Was Amazon scamming or searching for its HQ2 location?
Presented here for discussion is a summary of a current article published with permission from Knowledge@Wharton, the online research and business analysis journal of the Wharton School of the University of Pennsylvania.
If by announcing a search for a second headquarters Amazon.com intended to play one city against another and generate millions of dollars in free publicity, it has worked. Many observers believe Amazon has long known where it wants to be — or at least has never seriously considered more than two or three specific sites — since there are no more than a handful of cities that fit the requisite criteria.
What matters to Amazon are many of the same things that matter to many other companies.
“For most businesses, the issue of location choice now is driven by labor: Will we be able to attract the white collar skills we need?” said Peter Cappelli, director of Wharton’s School’s Center for Human Resources. “For unskilled or semi-skilled jobs, will we be able to get it at a price we want to pay? No business goes to the Silicon Valley or New York City because it is cheap; they go because of the labor supply.”

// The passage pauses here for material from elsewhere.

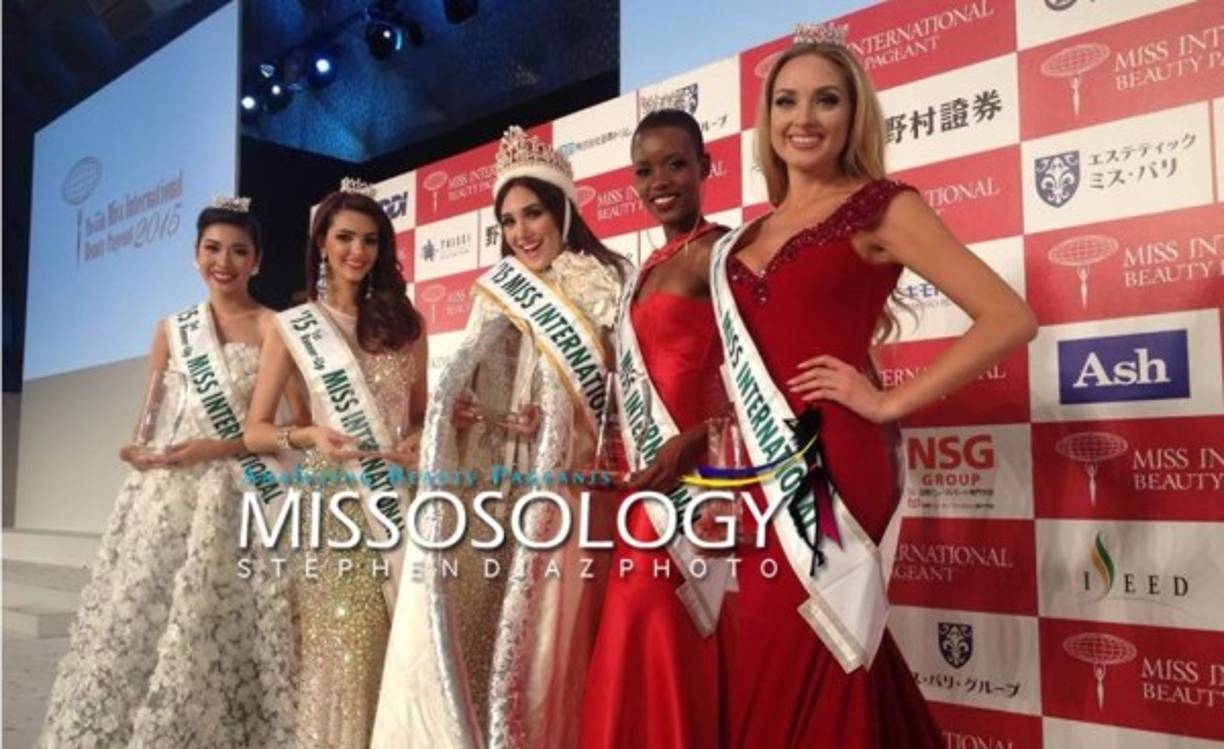 La candidata de Venezuela, Edymar Martínez, posa tras ser coronada Miss Internacional 2015 en una gala celebrada hoy, 5 de noviembre de 2015, en un hotel de Tokio (Japón).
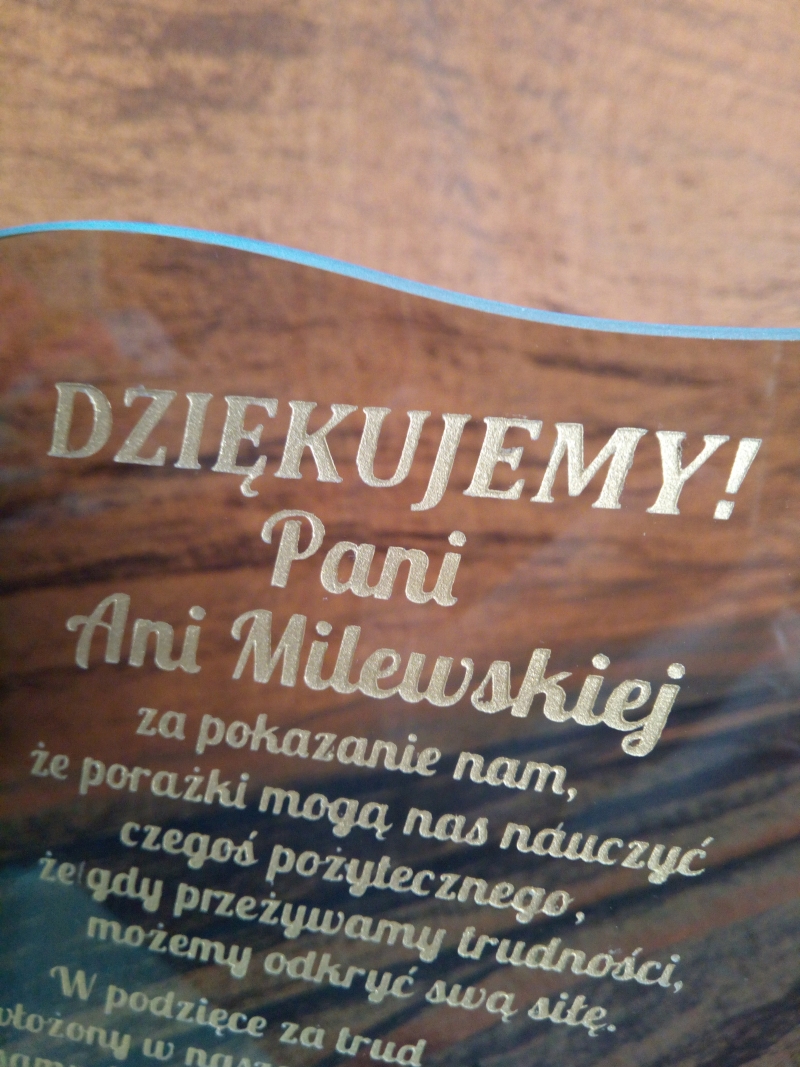 statuetki szkoła, podziękowania dla nauczyciela dla wychowawcy na koniec roku szkolnego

“It boils down to access to clients, access to labor force, access to suppliers — these all play a role in these decisions,” said Christopher Thornberg, founding partner of Beacon Economics.
The proposal says Amazon has a preference for metropolitan areas with more than one million people, a “stable and business-friendly environment,” urban or suburban locations with the potential to attract and retain strong technical talent, communities that think “big and creatively” when considering locations and real estate options.
Amazon has also made no secret of the fact that part of this exercise is about getting as much as it can in tax breaks and other incentives from the winning city.
Prof. Cappelli said businesses also often explore to what extent local and state governments can influence issues such as infrastructure and worker training. He said, “It is certainly true that business sees local governments at the final stage as a kind of vendor, and they are not above playing coy, pretending that they have more options than they actually see, and playing them off against each other.”
A decision is expected sometime in 2018.
DISCUSSION QUESTIONS: What should be Amazon’s primary considerations in its search for a second North American headquarters? Are you a fan of the sweepstakes nature of the search?